L’après-lycée doit normalement mobiliser toutes les attentions, car tout est bien qui finit bien, dit-on. En termes d’études universitaires, je dirai qu’il y a eu, dans le passé un cursus militaire universitaire (Cmu). En effet, les anciens enfants de troupe (Aet) participaient à un concours à l’issue duquel les meilleurs accédaient directement à différentes filières d’études dans nos universités. Ils en sortaient détenteurs d’une maitrise ou tout au moins d’une licence. Ils avaient alors la possibilité d’être sélectionnés pour des cours d’officier pour ceux et celles qui souhaitaient servir dans les Forces armées béninoises. C’est un mécanisme qui a fonctionné pendant un certain temps et qui conférait une forme de visibilité à l’action de l’Etat.
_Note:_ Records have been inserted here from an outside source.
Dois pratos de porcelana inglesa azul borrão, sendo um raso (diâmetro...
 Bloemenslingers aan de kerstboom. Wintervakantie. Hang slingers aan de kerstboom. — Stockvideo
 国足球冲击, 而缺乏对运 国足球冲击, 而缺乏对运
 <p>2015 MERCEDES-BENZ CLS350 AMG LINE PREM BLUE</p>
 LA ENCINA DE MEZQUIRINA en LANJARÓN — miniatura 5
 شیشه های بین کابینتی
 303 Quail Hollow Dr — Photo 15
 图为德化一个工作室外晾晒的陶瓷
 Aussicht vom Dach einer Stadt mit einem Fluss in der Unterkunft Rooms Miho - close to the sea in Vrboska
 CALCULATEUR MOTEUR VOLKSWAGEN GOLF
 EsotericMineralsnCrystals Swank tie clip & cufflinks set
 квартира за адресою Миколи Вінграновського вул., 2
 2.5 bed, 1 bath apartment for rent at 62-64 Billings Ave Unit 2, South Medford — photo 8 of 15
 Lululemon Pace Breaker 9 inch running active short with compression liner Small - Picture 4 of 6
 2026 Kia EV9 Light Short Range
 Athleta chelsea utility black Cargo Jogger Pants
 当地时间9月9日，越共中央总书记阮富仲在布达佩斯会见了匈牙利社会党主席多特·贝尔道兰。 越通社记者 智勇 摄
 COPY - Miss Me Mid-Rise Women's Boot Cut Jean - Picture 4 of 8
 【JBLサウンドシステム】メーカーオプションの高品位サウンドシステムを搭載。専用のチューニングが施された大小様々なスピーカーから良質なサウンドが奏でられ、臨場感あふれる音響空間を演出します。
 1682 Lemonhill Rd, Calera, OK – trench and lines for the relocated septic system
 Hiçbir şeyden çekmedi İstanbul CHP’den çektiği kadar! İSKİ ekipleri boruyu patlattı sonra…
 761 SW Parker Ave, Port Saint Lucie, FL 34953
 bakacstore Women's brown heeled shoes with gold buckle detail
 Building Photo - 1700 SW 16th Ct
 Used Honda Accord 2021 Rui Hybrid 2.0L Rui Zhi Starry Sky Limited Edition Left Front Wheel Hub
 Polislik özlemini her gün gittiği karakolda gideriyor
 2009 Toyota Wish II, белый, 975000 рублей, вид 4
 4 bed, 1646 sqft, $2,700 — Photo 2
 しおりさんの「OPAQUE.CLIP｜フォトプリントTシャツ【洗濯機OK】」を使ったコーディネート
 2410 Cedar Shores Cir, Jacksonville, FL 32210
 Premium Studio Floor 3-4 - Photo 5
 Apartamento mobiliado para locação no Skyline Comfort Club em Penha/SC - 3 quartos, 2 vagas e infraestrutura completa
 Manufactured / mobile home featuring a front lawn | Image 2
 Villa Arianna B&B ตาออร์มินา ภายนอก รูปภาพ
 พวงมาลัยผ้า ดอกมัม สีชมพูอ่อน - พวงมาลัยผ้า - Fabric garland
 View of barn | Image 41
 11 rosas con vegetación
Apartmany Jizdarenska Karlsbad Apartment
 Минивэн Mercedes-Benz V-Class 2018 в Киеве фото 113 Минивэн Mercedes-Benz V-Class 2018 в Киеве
Des dispositions sont cependant en cours d’études pour rentabiliser les investissements de l’Etat tout en garantissant aux anciens enfants de troupe méritants un avenir digne de leur vocation, aussi bien dans les armées que dans la vie civile pour ceux et celles qui en font le choix.
Certaines mesures permettent également à des anciens enfants de troupe titulaires d’un Baccalauréat et de leur Brevet de préparation militaire supérieur (Bpms) d’accéder à une carrière dans la catégorie de sous-officiers sous réserve de certaines conditions.
Le Lycée accueille des enfants de troupe étrangers. Quel en est l’avantage ?
Le Prytanée (dont les origines remontent au 16e siècle en Grèce ancienne, précisément en 1556 : lieu où étaient entretenus et logés aux frais de l’Etat les citoyens qui avaient bien mérité de la patrie) était dédié aux enfants des nobles et officiers des armées occidentales en Europe. Lorsque le Sénégal copie le modèle de la France, il l’inscrit d’emblée dans une logique d’intégration des enfants africains provenant de toutes les couches sociales et surtout de plusieurs pays africains. La formation avait déjà commencé par les classes de l’enseignement primaire à l’époque, le Prytanée militaire de Saint-Louis du Sénégal ayant ouvert ses portes en 1923, à l’ère coloniale. C’étaient les prémices de l’intégration africaine. L’Afrique saisit donc l’opportunité de former des élites venues de tous les horizons dans un même moule.
Les écoles d’enfants de troupe qui naitront après sur le continent vont s’inscrire dans cette dynamique d’intégration africaine. Elles accueillent depuis des enfants de troupe de plusieurs pays africains et en envoient également à l’étranger pour favoriser ce brassage fédérateur et très constructif pour l’avenir du continent. Le Lmjf-Gmk accueille des enfants de troupe en provenance de pays amis depuis les années 2010.